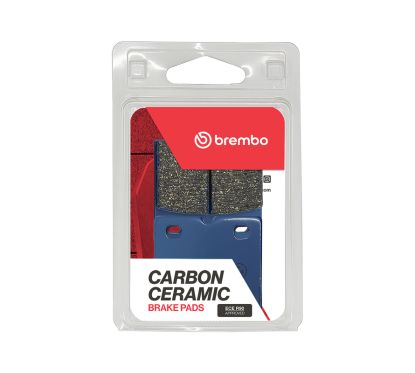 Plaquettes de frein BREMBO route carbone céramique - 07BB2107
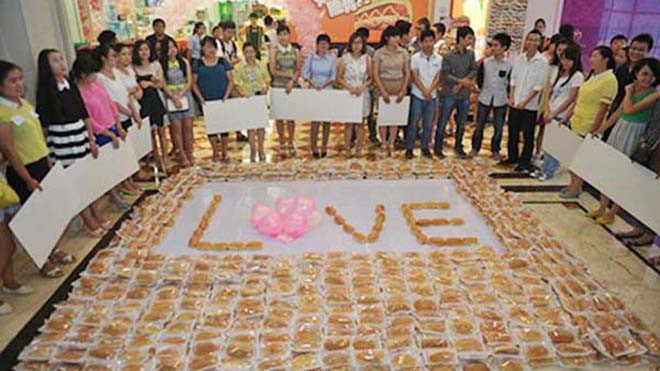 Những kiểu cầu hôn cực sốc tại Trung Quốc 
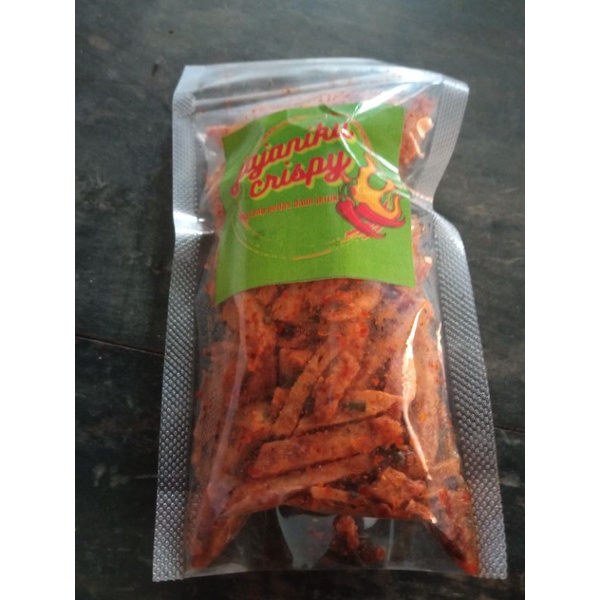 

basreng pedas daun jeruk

━━━━━━━━

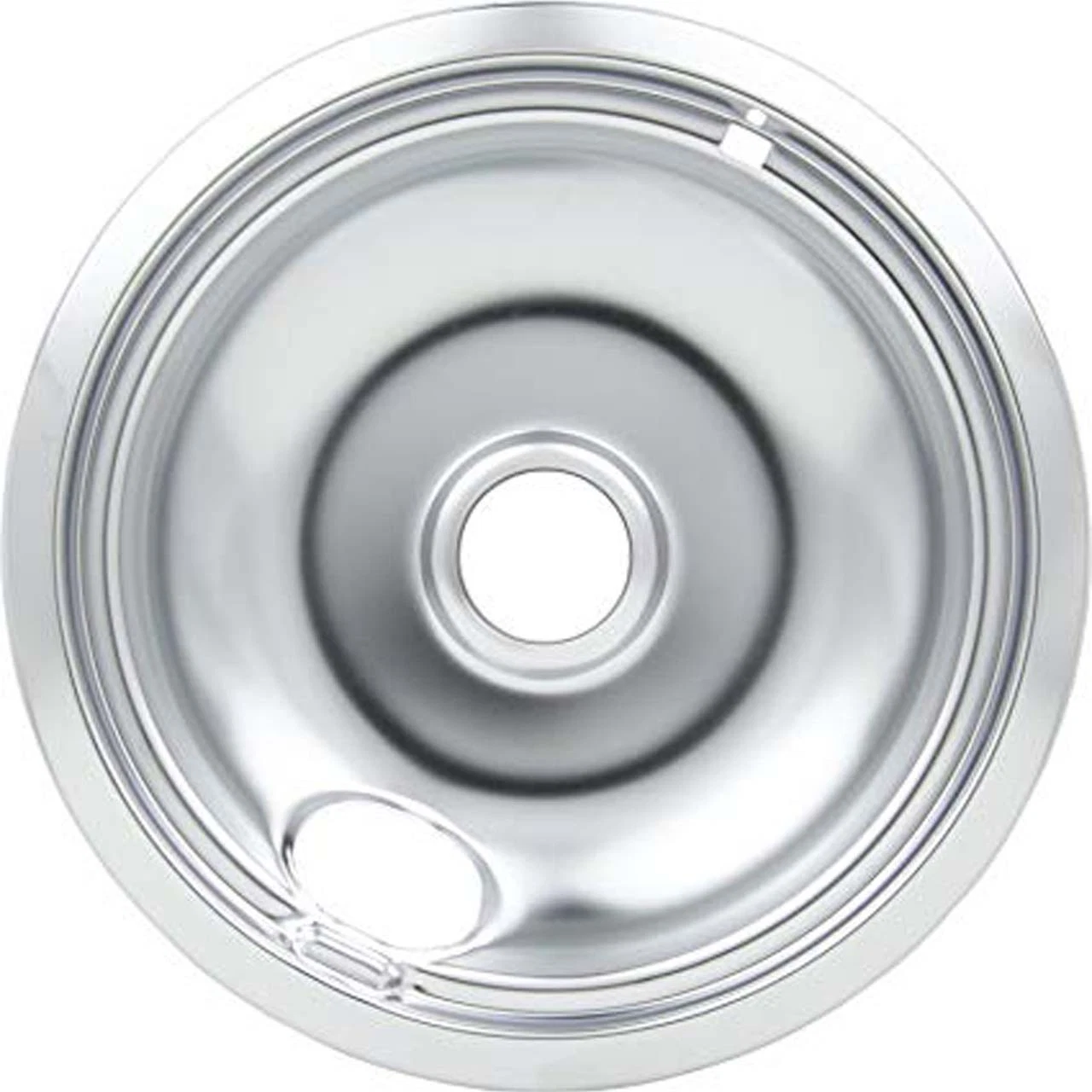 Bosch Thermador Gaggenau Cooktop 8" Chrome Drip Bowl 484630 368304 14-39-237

━━━━━━━━

**What to do**
All pictures are to be skipped. Output, word for word, the lines in the data above starting at the line containing "Những kiểu cầu hôn cực sốc tại Trung Quốc" and ending at the line containing "basreng pedas daun jeruk".

**Finished exercise**
 Những kiểu cầu hôn cực sốc tại Trung Quốc 

basreng pedas daun jeruk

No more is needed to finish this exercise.